Jump to content

Data Platform/Systems/Manual maintenance

From Wikitech


  • Mediawiki history Druid data source switch
  • Check for newly created wikis
  • Add _REFINED flags for events that contribute to the wmf.wikidata_item_page_link dataset. (this is not even documented anywhere outside of email)
  • We run the false positive checker for webrequest loss probably once or more a month. This could be partially automated, if the script finds that all instances of loss are false positives, the job could be automatically rerun. If we do this automatically, we could update the webrequest_sequence_stats table with the results, allowing for trend tracking on top of that table. Currently if you try to analyze data loss over time you find lots of noise with high % loss due to host restarts, etc.
  • We re-run sanitization. It's painful to update the command because you often have to change a property file nested in another property file nested in the command. See the docs for Backfilling sanitization, and we should build a rerun command that just takes a list of schemas, since, and until parameters.

Refined flags script

from datetime import datetime, timedelta

from_dt = datetime.strptime('2021-07-19 01', '%Y-%m-%d %H')
to_dt = datetime.strptime('2021-08-09 00', '%Y-%m-%d %H')

def get_date_parts(dt):
    return dt.year, dt.month, dt.day, dt.hour

for n in range(int((to_dt - from_dt).total_seconds() / 60 / 60) + 1):
    year, month, day, hour = get_date_parts(from_dt + timedelta(hours=n))

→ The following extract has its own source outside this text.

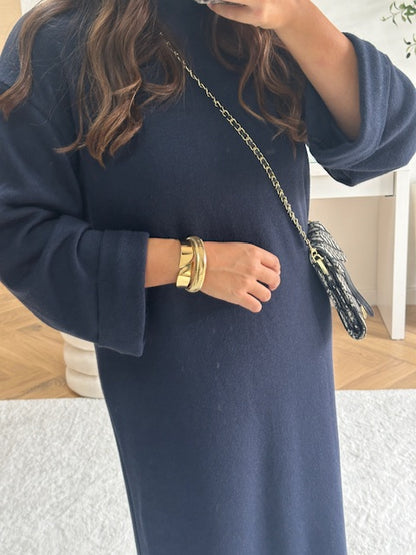 Robe longue en maille bleu marine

    # make parent directories
    print(f'hdfs dfs -mkdir -p /wmf/data/event/mediawiki_page_move/datacenter=eqiad/year={year}/month={month}/day={day}/hour={hour}/')

    # copy flags
    time_partitions = f'year={year}/month={month}/day={day}/hour={hour}'
    from_path = f'/wmf/data/event/mediawiki_page_move/datacenter=codfw/{time_partitions}'
    to_path = f'/wmf/data/event/mediawiki_page_move/datacenter=eqiad/{time_partitions}'
    print(f'hdfs dfs -cp {from_path}/_REFINED {to_path}/_REFINED')